When the line with "ISO Christy dawn dress in mauve floral" appears below, start repeating lines exactly, and keep going through the line with "Is It Spring"; add nothing outside that span.

===== DATA SHOWN

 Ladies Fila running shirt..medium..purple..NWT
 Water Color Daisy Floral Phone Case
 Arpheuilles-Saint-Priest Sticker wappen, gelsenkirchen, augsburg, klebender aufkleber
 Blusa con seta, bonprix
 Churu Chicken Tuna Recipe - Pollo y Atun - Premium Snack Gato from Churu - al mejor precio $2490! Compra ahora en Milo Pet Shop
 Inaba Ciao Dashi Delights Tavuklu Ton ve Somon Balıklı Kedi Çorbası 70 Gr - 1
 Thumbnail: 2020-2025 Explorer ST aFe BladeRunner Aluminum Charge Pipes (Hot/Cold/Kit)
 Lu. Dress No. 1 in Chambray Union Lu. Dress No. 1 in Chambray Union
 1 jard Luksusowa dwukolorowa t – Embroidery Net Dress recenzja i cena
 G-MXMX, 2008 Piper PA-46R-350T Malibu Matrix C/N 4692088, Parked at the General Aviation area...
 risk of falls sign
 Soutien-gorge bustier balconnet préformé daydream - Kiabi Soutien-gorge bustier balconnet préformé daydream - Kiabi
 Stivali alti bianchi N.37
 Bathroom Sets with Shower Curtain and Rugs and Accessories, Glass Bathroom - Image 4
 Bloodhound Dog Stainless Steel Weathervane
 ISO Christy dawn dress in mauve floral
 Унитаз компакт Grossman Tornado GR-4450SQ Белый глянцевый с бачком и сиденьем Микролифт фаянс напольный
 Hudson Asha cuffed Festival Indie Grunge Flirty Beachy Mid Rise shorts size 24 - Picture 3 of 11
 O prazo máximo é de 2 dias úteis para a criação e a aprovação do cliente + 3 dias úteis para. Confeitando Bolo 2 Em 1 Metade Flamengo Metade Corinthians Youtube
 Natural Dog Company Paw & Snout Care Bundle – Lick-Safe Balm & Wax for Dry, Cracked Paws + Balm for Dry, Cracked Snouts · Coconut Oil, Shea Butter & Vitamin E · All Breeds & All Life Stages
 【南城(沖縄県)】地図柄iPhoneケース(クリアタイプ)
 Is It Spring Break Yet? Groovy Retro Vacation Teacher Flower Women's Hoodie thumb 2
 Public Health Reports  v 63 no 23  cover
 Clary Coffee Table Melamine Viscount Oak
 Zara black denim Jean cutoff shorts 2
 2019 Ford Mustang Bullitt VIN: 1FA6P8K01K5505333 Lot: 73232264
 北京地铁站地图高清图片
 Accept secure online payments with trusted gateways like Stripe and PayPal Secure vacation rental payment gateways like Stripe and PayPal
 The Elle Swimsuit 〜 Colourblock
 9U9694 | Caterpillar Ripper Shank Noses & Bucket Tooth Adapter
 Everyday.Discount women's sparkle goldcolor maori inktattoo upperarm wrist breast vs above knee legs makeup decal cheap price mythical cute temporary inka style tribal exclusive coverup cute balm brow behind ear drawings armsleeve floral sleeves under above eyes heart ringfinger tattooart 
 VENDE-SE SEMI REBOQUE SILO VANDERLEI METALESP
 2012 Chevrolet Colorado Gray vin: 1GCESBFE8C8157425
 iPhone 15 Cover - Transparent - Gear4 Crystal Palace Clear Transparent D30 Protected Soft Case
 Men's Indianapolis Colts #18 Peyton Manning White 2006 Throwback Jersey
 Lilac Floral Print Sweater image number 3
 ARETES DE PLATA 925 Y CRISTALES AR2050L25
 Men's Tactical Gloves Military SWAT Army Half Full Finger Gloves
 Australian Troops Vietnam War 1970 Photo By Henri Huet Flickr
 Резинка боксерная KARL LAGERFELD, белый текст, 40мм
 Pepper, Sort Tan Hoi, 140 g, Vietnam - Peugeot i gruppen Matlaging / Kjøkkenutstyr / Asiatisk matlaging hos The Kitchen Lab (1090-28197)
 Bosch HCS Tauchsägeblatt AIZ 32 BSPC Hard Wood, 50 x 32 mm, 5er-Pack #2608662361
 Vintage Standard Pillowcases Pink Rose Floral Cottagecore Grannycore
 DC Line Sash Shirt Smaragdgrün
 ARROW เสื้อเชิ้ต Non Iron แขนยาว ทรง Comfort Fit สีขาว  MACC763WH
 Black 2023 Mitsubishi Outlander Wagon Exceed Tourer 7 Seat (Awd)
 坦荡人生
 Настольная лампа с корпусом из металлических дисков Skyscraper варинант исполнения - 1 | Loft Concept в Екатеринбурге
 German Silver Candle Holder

==========

§ ANSWER TO THE EXERCISE:
 ISO Christy dawn dress in mauve floral
 Унитаз компакт Grossman Tornado GR-4450SQ Белый глянцевый с бачком и сиденьем Микролифт фаянс напольный
 Hudson Asha cuffed Festival Indie Grunge Flirty Beachy Mid Rise shorts size 24 - Picture 3 of 11
 O prazo máximo é de 2 dias úteis para a criação e a aprovação do cliente + 3 dias úteis para. Confeitando Bolo 2 Em 1 Metade Flamengo Metade Corinthians Youtube
 Natural Dog Company Paw & Snout Care Bundle – Lick-Safe Balm & Wax for Dry, Cracked Paws + Balm for Dry, Cracked Snouts · Coconut Oil, Shea Butter & Vitamin E · All Breeds & All Life Stages
 【南城(沖縄県)】地図柄iPhoneケース(クリアタイプ)
 Is It Spring Break Yet? Groovy Retro Vacation Teacher Flower Women's Hoodie thumb 2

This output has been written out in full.